The man was indicted at the time for murder and failure to provide assistance to a person in danger. In 2013, Jean Mercier – a member, along with his wife, of the Association for the Right to Die with Dignity (ADMD), a pressure group that lobbies for the legalization of euthanasia – got the accusation of murder dismissed, but was still prosecuted for failure to assist a person in danger, a crime for which the Correctional Tribunal of Saint-Etienne gave him a suspended sentence of one year in prison in 2015.

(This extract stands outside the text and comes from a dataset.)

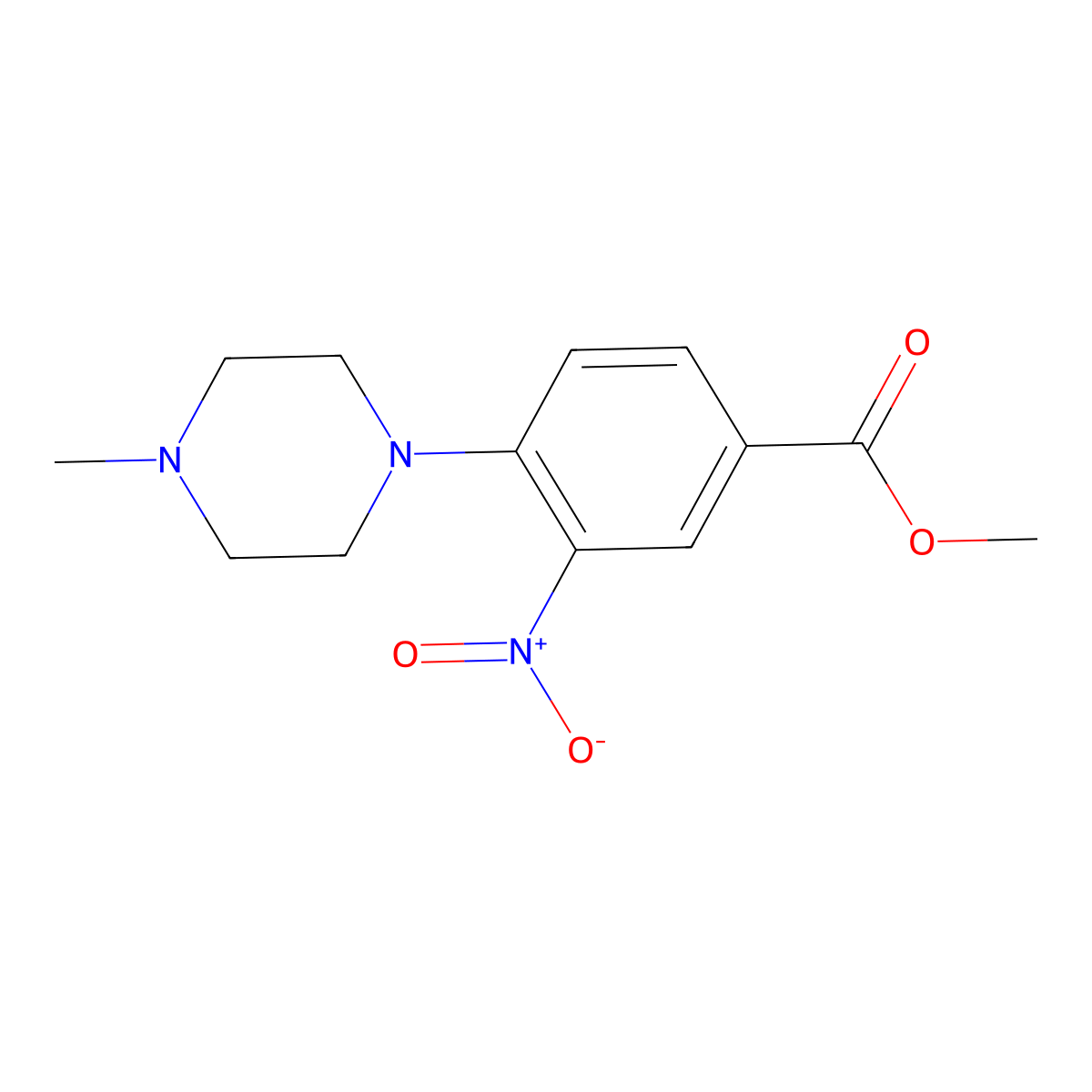 Methyl 4-(4-methylpiperazin-1-yl)-3-nitrobenzoate molecular structure, CAS 65715-48-2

But one year later, in November of 2016, the judges of the Lyon Court of Appeals acquitted the eighty-year-old, arguing a point of law: the only accusation applicable to Jean Mercier was murder or accomplice to murder, an accusation that was dismissed in 2013.

In its verdict on Wednesday, December 13, 2017, the Supreme Court ruled in favor of the verdict from the Lyon Court of Appeals, confirming the definitive acquittal of Jean Mercier.

Upon the publication of the court ruling, Jean-Luc Romero, president of the ADMD, rejoiced at this ultimate legal decision and called for a new law on the end of life, in other words, an authorization of euthanasia.

As for the general delegate of Alliance Vita, Tugdual Derville, he deplored the impact such a decision could have on opinions. Legitimizing euthanasia imperceptibly leads to its legalization.